ECONOMYNEXT – Sri Lanka’s president has said he would address concerns of small and medium-scale industrialists in the upcoming budget, aiming to strengthen Sri Lanka’s export-oriented manufacturing economy.
“In the upcoming budget, we aim to introduce measures that provide bank loan concessions to support small and medium-scale industries,” Ranil Wickremesinghe said in his address at the National Industry Excellence Awards 2023, which took place yesterday (1) at the Nelum Pokuna Theater in Colombo.
Wickremesinghe added that a substantial portion of the budget will also be allocated to debt repayment and interest.
“Failure to meet these obligations could push us back into the old, precarious situation. Therefore, safeguarding our currency and fulfilling our loan obligations is of paramount importance,” Wickremesinghe was quoted as saying by his media office.
“In the past, when there was a budget shortfall, the solution was to instruct the central bank to print more money. This approach is no longer legally permissible and obtaining loans from banks has also become a challenge.
“To ensure our financial stability in the coming year, we must significantly boost our income. We have set specific revenue targets that we must work diligently to achieve.”
Wickremesinghe said it was necessary to gain the trust of private and multilateral creditors and “reassure them of our commitment to loan repayment. This commitment must be ingrained in our actions.”
“We had to make the difficult decision to raise the VAT to 18 percent yesterday (31). Such decisions are never easy for any government. However, failing to take these measures would cast a shadow on everyone’s future.”
“Through this decision, we can generate much-needed revenue to support small and medium-scale industries by repaying loans to banks. Without this step, these industries would face collapse, which puts industrialists in a challenging position.”
Wickremesinghe recalled the challenges faced last year. “At that time, there were numerous uncertainties about the sustainability of our industries. The absence of electricity and the difficulty in obtaining bank loans had led to the closure of thousands of businesses.”
“It’s remarkable to see a substantial number of individuals reinvigorating their industries and achieving success.

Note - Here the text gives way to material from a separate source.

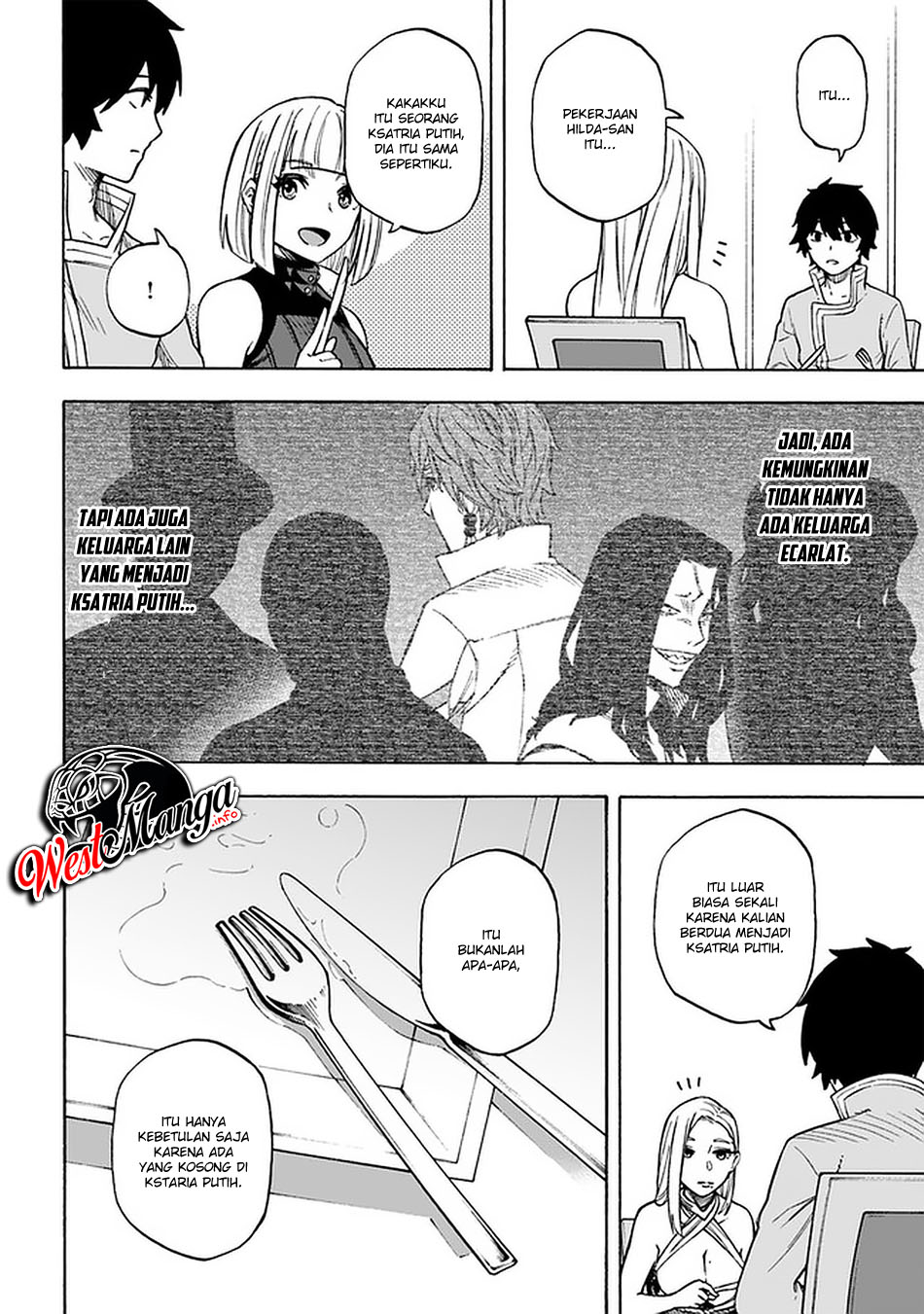 Nito no Taida na Isekai Shoukougun: Saijakushoku "Healer" nanoni Saikyou wa Cheat desu ka? Chapter 12.1 - halaman 8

Small and medium-scale industries have made a comeback in a relatively short period.
“Some issues remain unresolved, particularly concerning bank loans and market access. Our foremost priority is to address these concerns.”
At the start of 2023, the country’s economic growth rate was a negative 0.7%. “Today, it has improved to 0.5%, with further progress expected next year. This leaves us with a fundamental choice of whether to advance or regress.” (Colombo/Nov 2/2023)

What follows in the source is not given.